As rivers globally continue to be under attack, leading to their contamination and even disappearance, it’s time to turn nostalgia into action that arrests and reverses river decline and move towards revival and regeneration.
Rivers for life
Rivers are essential for environmental health, economic wealth and human well-being. Water-related ecosystem services include ecological services such as climate moderation, nutrient cycling, waste treatment, flood control, groundwater recharge, habitats for species, genetic resources and biodiversity. For millennia, rivers have provided food, contributed water for domestic use and agriculture, sustained transportation corridors and, more recently, enabled power generation and industrial production. Unfortunately, a large portion of this has come at huge cost.
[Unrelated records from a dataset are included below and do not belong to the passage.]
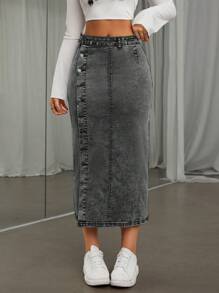 SHEIN ICON Falda De Mezclilla Ajustada Con Abertura Alta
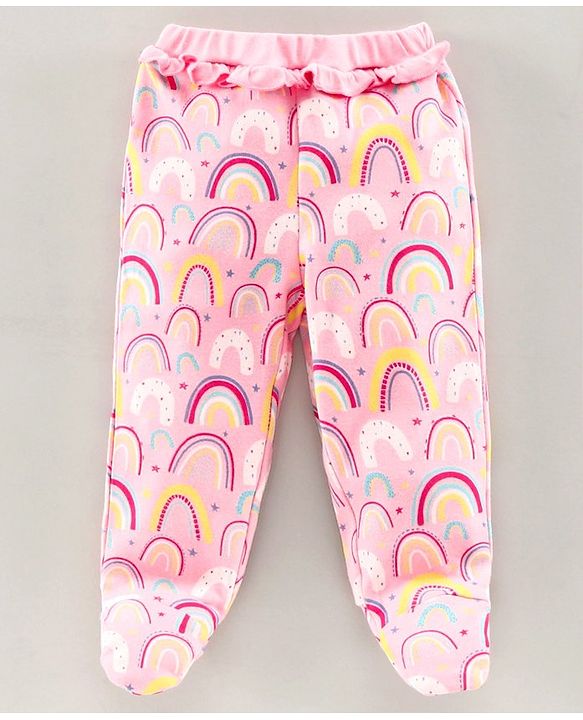 Babyhug Bootie Leggings Dots & Rainbow Print Pack Of 2 - Blue Pink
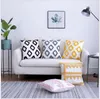 Almofada/travesseiro decorativo algodão bordado tampa de almofada de bordado 45x45cm onda amarela Zigzag Geométrico Decor de casa Passagem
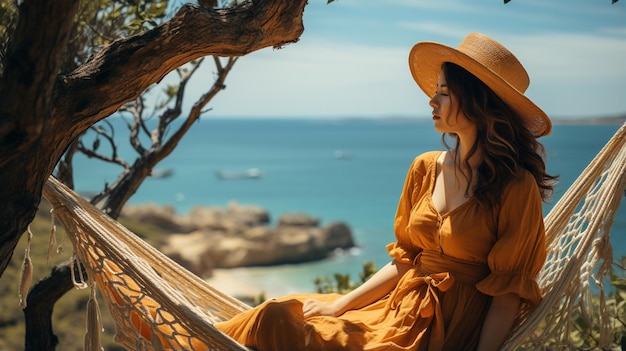 vrouw zittend in een stoel op het strand zomervakantie concept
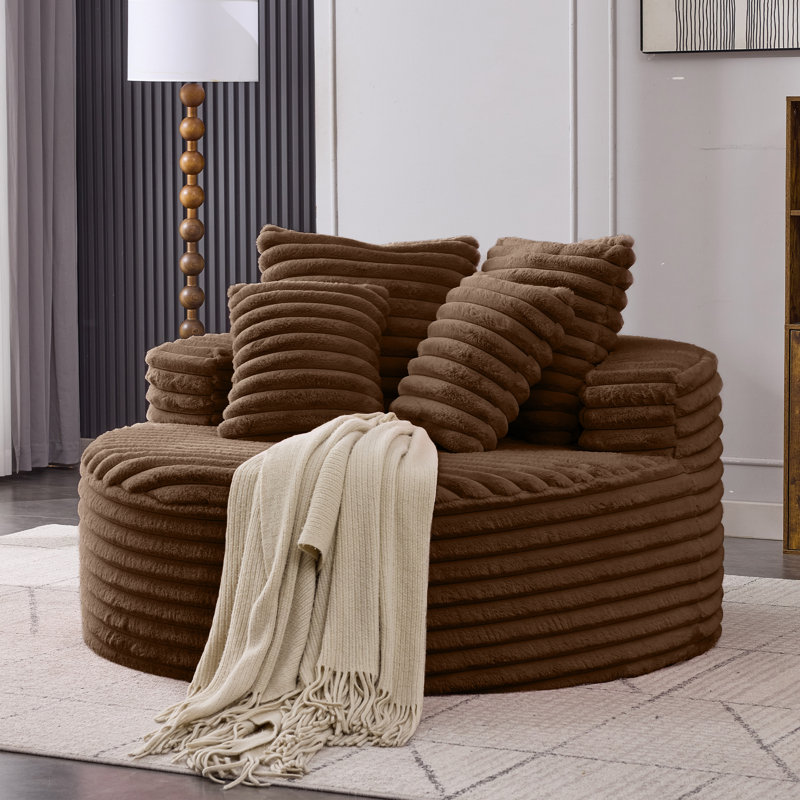 Upholstered Chaise Lounge, Brown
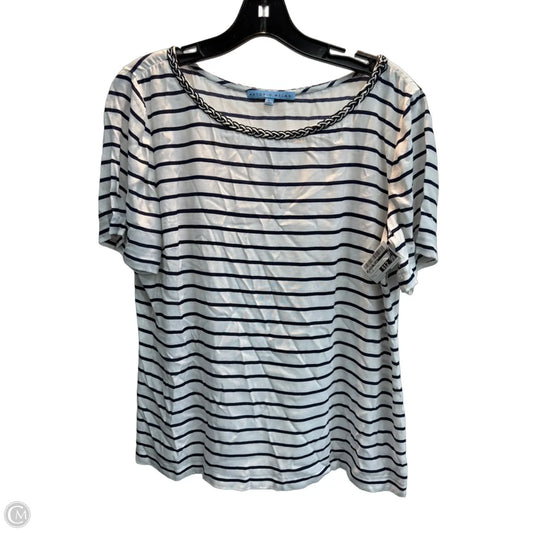 Top Short Sleeve By Antonio Melani In Striped Pattern, Size: L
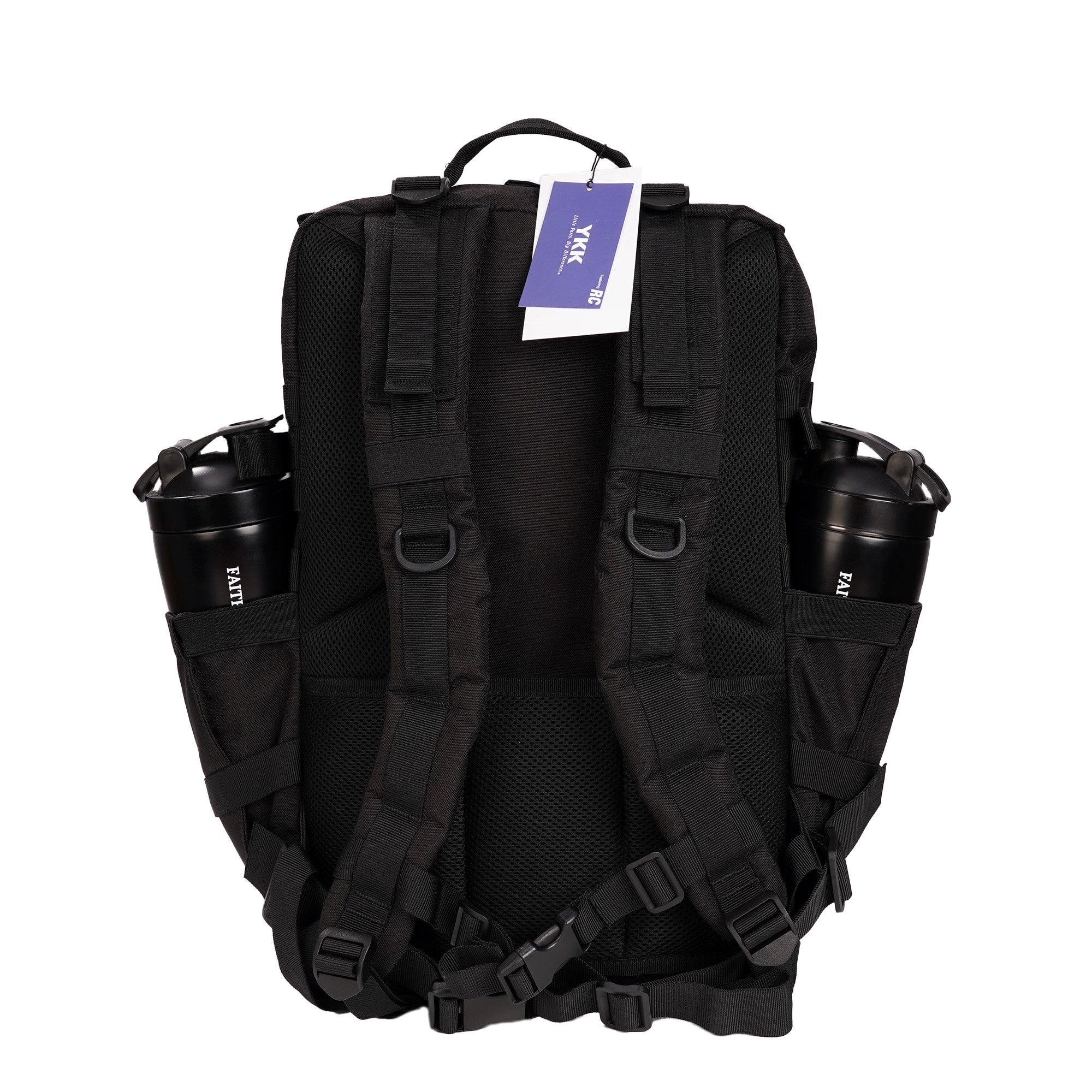 Faith-Inspired EDC Performance Backpack 45L - Black White Accent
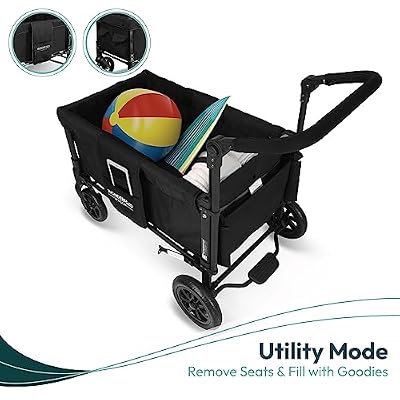 WONDERFOLD W1 Original Stroller Wagon (2 Seater) - Wagon Stroller with Seats with 5-Point Harnesses, Adjustable Push Handle, and Sun Canopy, Jet Black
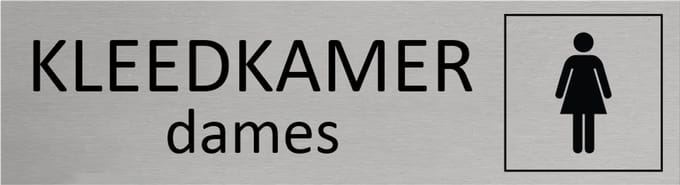 CombiCraft Aluminium deurbordje Kleedkamer dames 165x45mm - per stuk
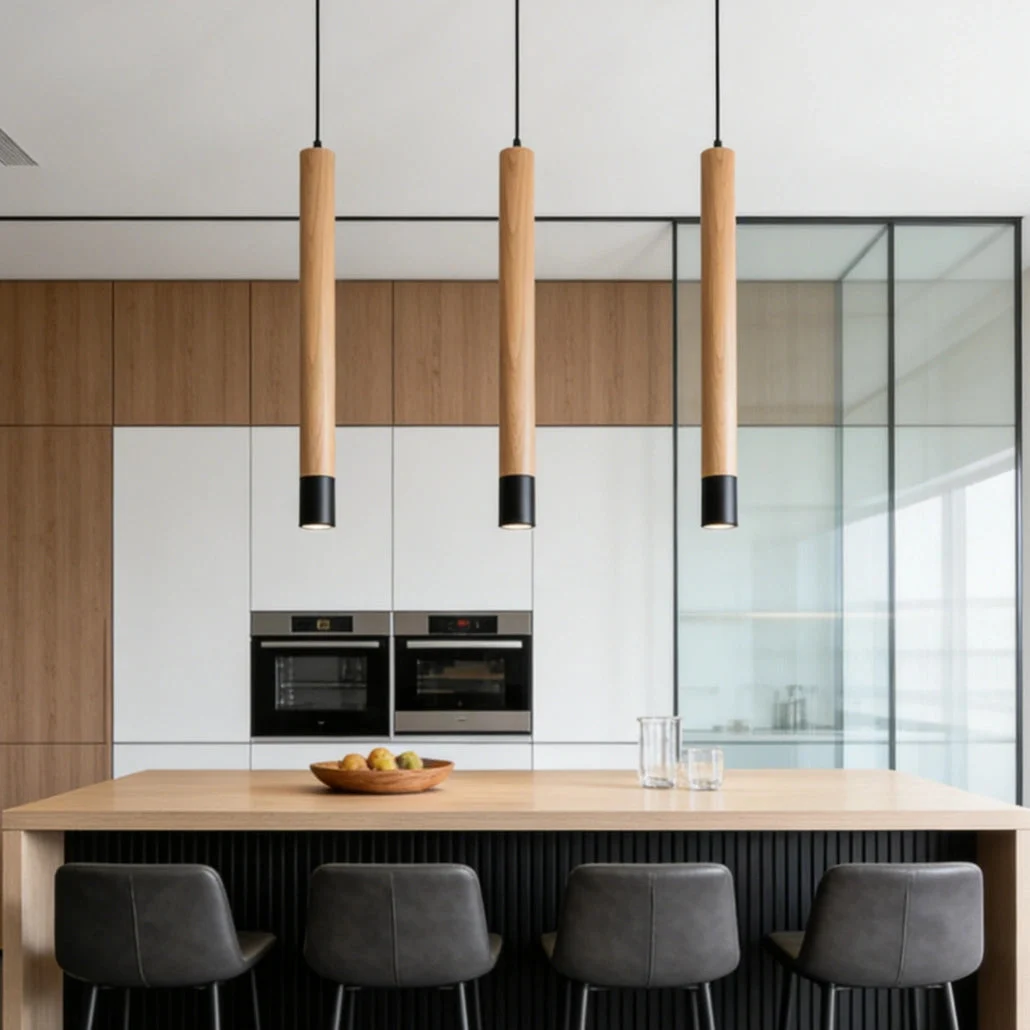 Lámpara Colgante de Madera para Comedor Estilo Moderno LED en Tubo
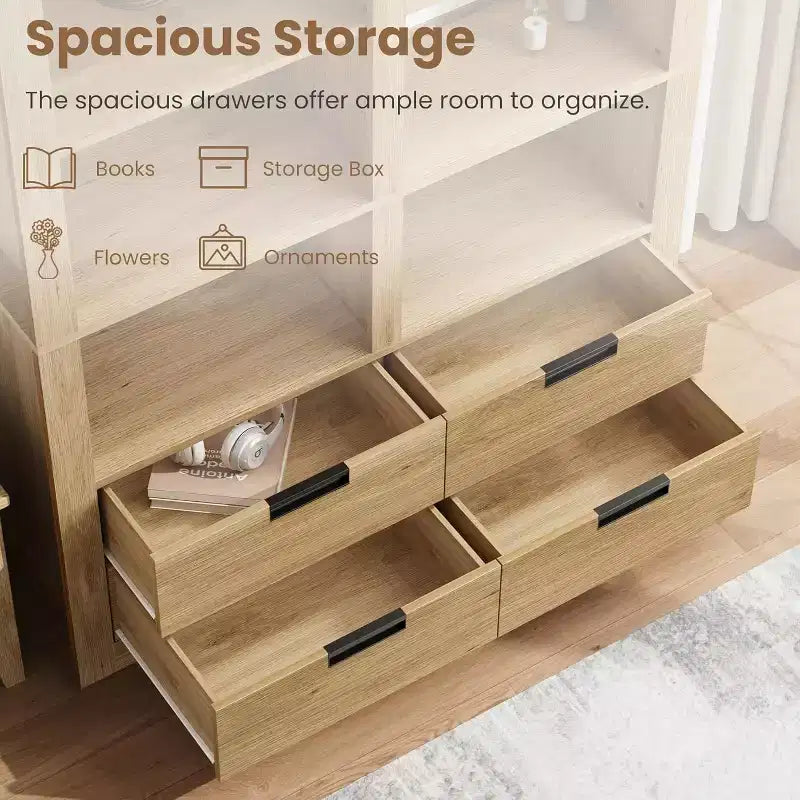 72" hohes Bücherregal mit 4 Schubladen, freistehendes Bauernhaus-Regal für Schlafzimmer, Wohnzimmer, Heimbüro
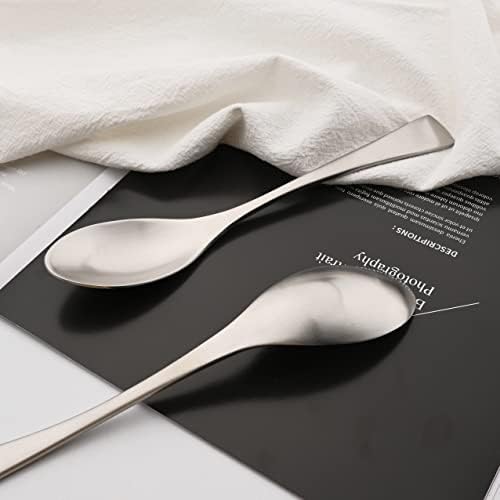 Luxury 304 Stainless Steel Matte Silver Cutlery Flatware Set - Utensil Set Steak Spoons and Forks Knife Silverware Set,Service for 4 (24-Piece) - Image 6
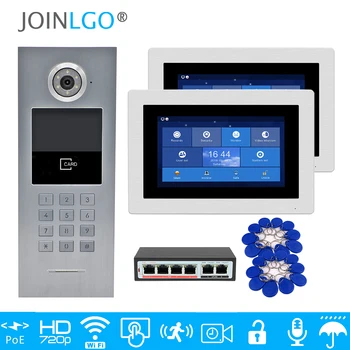 

Free Shipping 2 Apartments POE 720P IP Wifi 7" Touch Screen Record Video Intercom Door Phone Code Keypad RFID Outdoor Camera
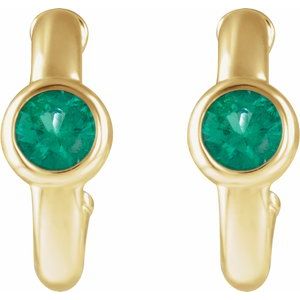 14K Yellow Gold Lab-Grown Emerald Huggie Hoop Earrings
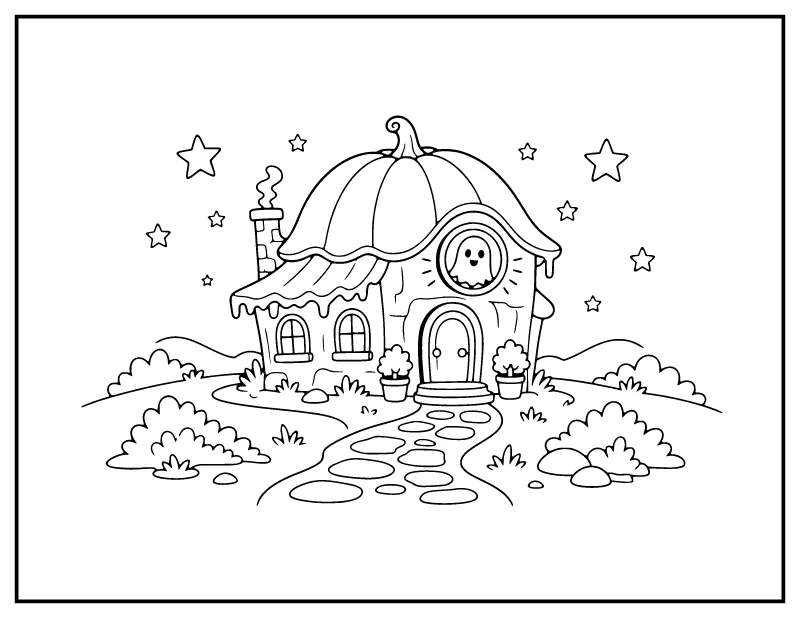 Haunted Cottage with a Pumpkin Roof coloring page – printable black and white line art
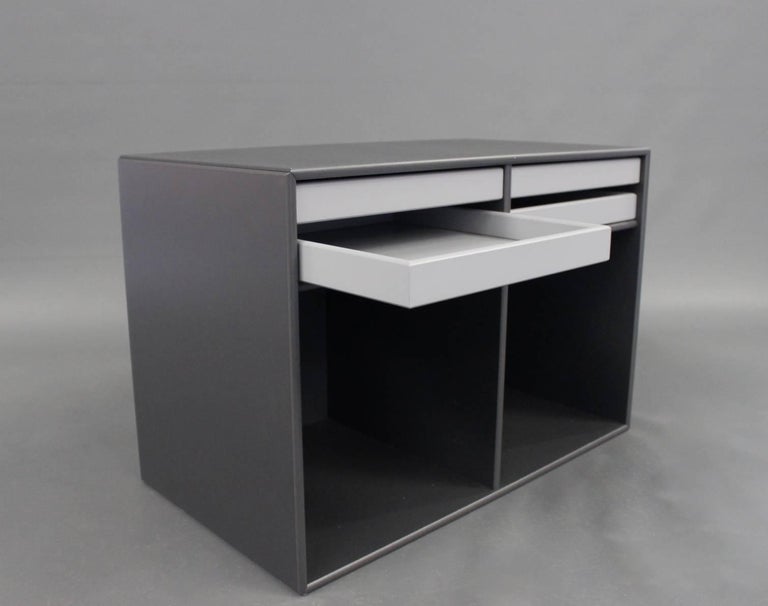 Montana Bookcase In Dark Grey With Small Drawers And Shelf Space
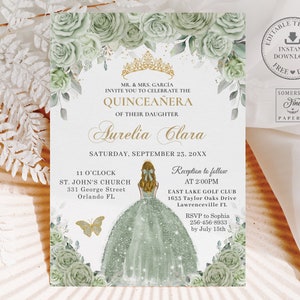 Sage Green Floral Gold Blonde Princess Quinceañera Invitation EDITABLE TEMPLATE Quince 15 Sweet 16 Birthday Invite Printable Download QC43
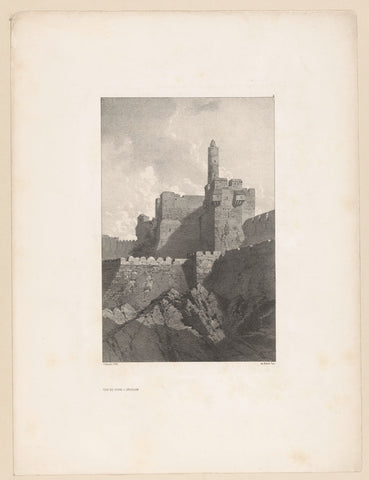 View of the Phasaël Tower in Jerusalem, Adrien Dauzats, 1846 Canvas Print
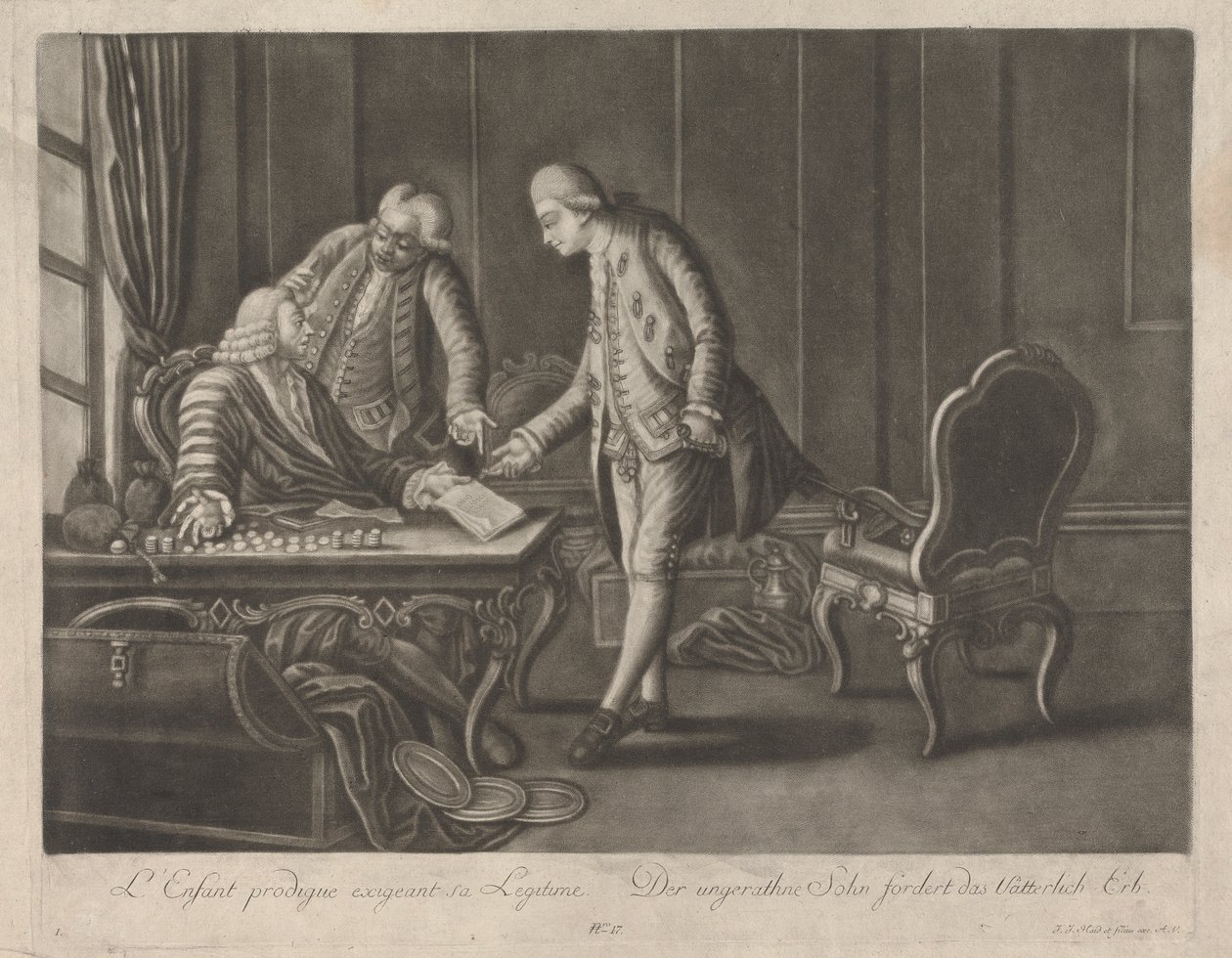 El hijo pródigo reclama el lugar que le corresponde de Johann Jacobus Haid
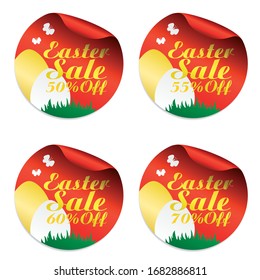 Easter red sale stickers set 50%, 55%, 60%, 70% off with eggs. Vector illustration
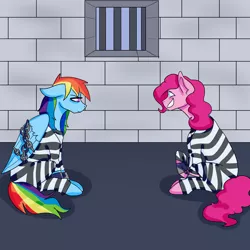 Size: 5000x5000 | Tagged: safe, artist:sharksrule12, derpibooru import, pinkie pie, rainbow dash, pony, absurd resolution, bound wings, cell, chains, clothes, cuffed, cuffs, duo, frustrated, grin, handcuffed, jail, nervous, nervous grin, prison, prison outfit, prison stripes, prisoner rd, shackles, smiling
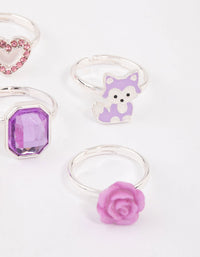 Kids Silver Diamante Rose Ring 6-Pack - link has visual effect only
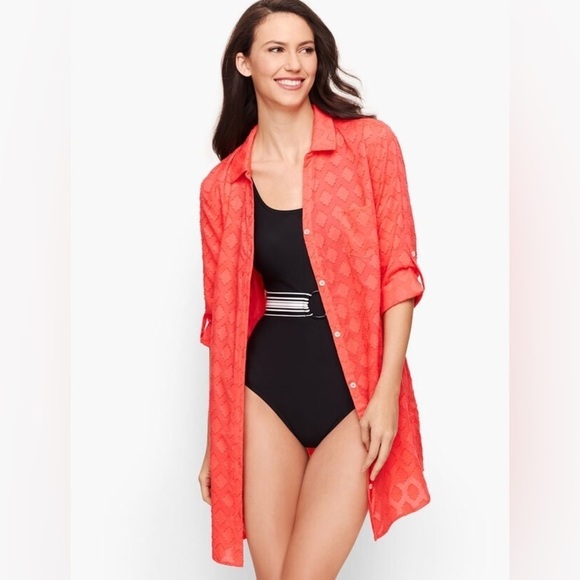 Talbots Medallion Jacquard Beach Shirt Swim CoverUp 100% Cotton size Small - Picture 4 of 11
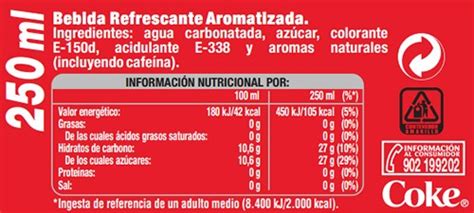Infografía sobre la composición de la Coca-Cola y sus colorantes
According to the first global initiative that assessed water security for people and river biodiversity, rivers of the world are threatened due to mismanagement and pollution, which endangers eight of every 10 people as well as 10,000-20,000 species. Some of the factors behind this are river pollution, intensive agriculture, catchment disturbance and dam building. Thirty of the 47 largest river systems which together discharge half of the global runoff to the oceans are at risk.
Rivers across the globe are polluted. In 2021, the latest water quality report from UK found that a mere 14 per cent of the country’s rivers could quality as ‘good’ as per their Environment Agency’s standards. This contamination is mainly due to sewage, industrial wastewater discharge and agricultural discharge.
In 2018, the Indian Central Water Commission brought out a report sharing the findings of water quality vis-à-vis toxic metals in 16 river basins. Toxic metals found in these river basins included cadmium in 25 rivers (health implications – cardiovascular disease, kidney failure, lung damage and cancer; high blood pressure); Chromium in 21 rivers (health implications – rash, stomach ulcers, respiratory problems, lower immune system, kidney and liver damage, lung cancer and genetic alternations) Iron in 137 rivers (health implications – hemochromatosis); Lead in 69 rivers (health implications – lung damage, hematopoiesis, miscarriage, respiratory illness); and, Nickel (health implications – skin rashes, respiratory illness, cancer) in 25 rivers. A 2021 study of the river Ganga between Kanpur and Haridwar found huge amounts of micro-plastic in the water.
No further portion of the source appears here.